Florence Lazar — Jeu de Paume
Le Jeu de Paume accueille jusqu’au 02 juin une exposition de Florence Lazar dont l’âpreté et la subtilité cachent la complexité d’une urgence, celle d’une lutte silencieuse et polymorphe de l’identité.
« Florence Lazar », Jeu de Paume, Concorde du 12 février au 2 juin 2019. En savoir plus Indiciblement lié au besoin de rendre compte du conflit qui frappe la Yougoslavie à la fin des années 1990, le parcours artistique de Florence Lazar (née en 1966) ajoute très tôt la vidéo à la photographie qu’elle pratiquait jusqu’alors, intégrant rapidement la notion de témoignage, au sens le plus large du terme, dans sa démarche. C’est au gré de hasards, sur place, que ses rencontres font émerger une parole qui se mêle aux plans fixes, à l’attente et aux temps morts qui ponctuent ses immersions sur des territoires liés alors à son histoire familiale. Mais loin de constituer un album d’intentions préétablies, les images et les mots qu’elle en rapporte soutiennent en creux la vision complexe de populations engluées dans des oppositions nourries de contradictions, d’intérêts et de croyance divergentes.Le parcours rétrospectif exigeant proposé par le Jeu de Paume trace une diagonale d’enjeux sociaux et historiques intéressante dans le rapport de l’artiste à l’extériorité, son déplacement vers des zones géographiques éloignées et la proximité parfois autobiographique du thème abordé. Une série de photographies borde la demi-douzaine de vidéos qui sont autant de plongées dans des histoires riches et accidentées nous emmenant de la Serbie à la Martinique, de l’intimité d’un salon familier à une rue du quartier de La Goutte d’Or.

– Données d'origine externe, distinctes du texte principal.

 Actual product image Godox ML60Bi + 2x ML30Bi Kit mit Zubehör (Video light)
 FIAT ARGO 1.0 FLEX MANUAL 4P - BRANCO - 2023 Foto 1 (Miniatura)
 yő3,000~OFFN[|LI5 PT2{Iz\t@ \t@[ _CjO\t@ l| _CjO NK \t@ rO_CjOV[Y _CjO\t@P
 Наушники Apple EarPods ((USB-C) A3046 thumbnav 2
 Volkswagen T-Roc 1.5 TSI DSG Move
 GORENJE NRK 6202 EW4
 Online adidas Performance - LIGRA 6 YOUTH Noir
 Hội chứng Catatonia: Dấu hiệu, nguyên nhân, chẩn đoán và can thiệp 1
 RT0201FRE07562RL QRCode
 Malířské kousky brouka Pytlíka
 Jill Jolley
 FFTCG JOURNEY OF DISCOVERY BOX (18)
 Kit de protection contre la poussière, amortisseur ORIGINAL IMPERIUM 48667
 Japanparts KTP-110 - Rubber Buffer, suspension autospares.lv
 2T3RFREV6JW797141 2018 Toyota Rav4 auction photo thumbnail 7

Emprunté à Aimé Césaire, le titre de l’exposition Tu crois que la terre est chose morte vient aussi bien interpeller le visiteur que lui rappeler la nécessité d’envisager les différences à venir, les possibles soubresauts d’une monde qui, parce qu’animé d’une « vie » singulière, est ouvert à la mutation. Les fatalités multiples deviennent ainsi ici autant d’impasses riches de sens qu’il nous appartient d’assimiler, de comprendre pour les subsumer. En faire émerger surtout, à travers la transmission, les liens invisibles qui nous y lient et nous permettent de nous les approprier pour en tisser de nouveaux fils historiques. Loin de l’espoir humaniste béat, Florence Lazar, à l’image des ouvrages qu’elle photographie comme autant de portraits d’enfants de nouvelles générations les brandissant face à l’objectif, dessine la cartographie de luttes à venir initiée par ces racines littéraires qui essaiment des cheminements de pensée possibles. Les enjeux de la colonisation deviennent ici des objets, les livres des témoignages concrets d’une histoire qui se transmet, portés de façon anonyme par des élèves du collège parisien Aimé Césaire. Le titre seul devient ainsi déclaratif et, déportant les visages dans un hors-champ salutaire, invite à la préhension manuelle, à une gestation active de la pensée, un partage par le corps qui en finit avec la stigmatisation du dominé comme du dominant pour en appeler à un « acte » réalisable par tous. On retrouve ainsi régulièrement, dans son œuvre, la prégnance du motif de la main, outil de travail confisqué par les asservissements autant que biais d’émancipation et de partage.
Cette diagonale qui nous transporte de chaque côté du monde tient pourtant de fil rouge à une démarche tout en finesse d’un auteur qui laisse entièrement la place à ses sujets, exposant leurs croyances, leurs doutes et leurs espoirs contrariés dans une logique de conflit, politique ou idéologique, âpre mais loin d’être définitive. De cette diagonale, Florence Lazar fait fleurir des lignes de traverse qui fêlent la fatalité pour, à travers un sourire en coin, un silence qui nous inviterait presque, à notre tour, à agir, dessiner des détours qui sont autant d’espoirs non pas d’annuler les effets de domination mais de les contourner, de vivre et d’en inventer de nouvelles modalités pour les dépasser.
Du sentiment poignant d’abandon, de la révolte face à la multiplication d’injustices jusqu’à l’émotion de la parole familiale, Florence Lazar, sans maquiller son regard éminemment subjectif, explore les modes de transmission et les biais de la reconstruction des identités comme un éventail complexe, aussi fragile qu’efficient, des possibilités de chacun de se réapproprier son histoire.